The same thing with the Objectivist. You can in fact come up with flaws in proposed understandings of the philosophy fairly easily. It happens all the time. But Objectivists believe that, after enough thought and evidence, it will converge on the one objective version. The AI’s proposed proof therefore can make sense in all of the same ways. It would even likely have a similar form. “Here is a categorization of all of the special cases which might be true. We just have to show that each one can’t work.” You might look at them and agree that those sound right. You can look at individual cases and accept that they don’t work. But do you abandon the belief that somewhere, somehow, there is a way to make it work? As opposed to the AI saying that there is none?
As you said, it requires a leap of faith. And your answer is mechanistic interpretability. Which is exactly what happened in the end with the 4 color proof. A mechanistically interpretable proof was produced, and mechanistically interpreted by Coq. QED.
But for something as vague as a philosophy, I think it will take a long time to get to mechanistically interpretable demonstrations. And the thing which will do so is likely itself to be an AI...
It will not take a long time if we use collective intelligence to do it together. The technology is already here. I’ve been trying to share it with others that understand the value of doing this before AI learns to do it on its own. If you want to learn more about that, feel free to look me up on the ‘X’ platform @therealkrantz.

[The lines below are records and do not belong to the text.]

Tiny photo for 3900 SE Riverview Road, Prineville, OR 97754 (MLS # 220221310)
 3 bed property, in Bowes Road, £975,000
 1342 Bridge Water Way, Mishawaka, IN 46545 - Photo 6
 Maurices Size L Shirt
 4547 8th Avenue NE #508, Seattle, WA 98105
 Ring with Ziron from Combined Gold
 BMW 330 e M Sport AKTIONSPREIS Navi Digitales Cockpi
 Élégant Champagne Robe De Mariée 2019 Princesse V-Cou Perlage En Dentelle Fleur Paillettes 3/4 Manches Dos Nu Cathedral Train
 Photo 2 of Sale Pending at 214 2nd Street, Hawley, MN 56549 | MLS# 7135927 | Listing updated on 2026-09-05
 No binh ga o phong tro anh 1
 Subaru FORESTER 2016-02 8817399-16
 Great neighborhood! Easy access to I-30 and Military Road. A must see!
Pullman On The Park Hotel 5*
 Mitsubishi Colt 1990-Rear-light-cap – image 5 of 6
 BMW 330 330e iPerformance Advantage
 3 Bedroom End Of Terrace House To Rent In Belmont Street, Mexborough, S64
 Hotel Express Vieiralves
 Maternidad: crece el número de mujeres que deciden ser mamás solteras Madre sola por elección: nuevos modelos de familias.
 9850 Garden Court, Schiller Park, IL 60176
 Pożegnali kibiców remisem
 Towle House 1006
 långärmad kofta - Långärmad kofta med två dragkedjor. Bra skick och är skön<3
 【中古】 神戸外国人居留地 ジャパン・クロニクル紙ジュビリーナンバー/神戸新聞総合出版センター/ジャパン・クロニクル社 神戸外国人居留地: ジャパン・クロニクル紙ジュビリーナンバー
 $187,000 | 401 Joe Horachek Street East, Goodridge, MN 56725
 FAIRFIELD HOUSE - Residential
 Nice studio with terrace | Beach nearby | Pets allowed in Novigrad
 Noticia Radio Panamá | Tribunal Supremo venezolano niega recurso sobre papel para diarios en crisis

It depends on subject matter.
For math, it is already here. Several options exist, Coq is the most popular.
For philosophy, the language requirements alone need AI at the level of reasonably current LLMs. Which brings their flaws as well. Plus you need knowledge of human experience. By the time you put it together, I don’t see how a mechanistic interpreter can be anything less than a (hopefully somewhat limited) AI.
Which again raises the question of how we come to trust in it enough for it not to be a leap of faith.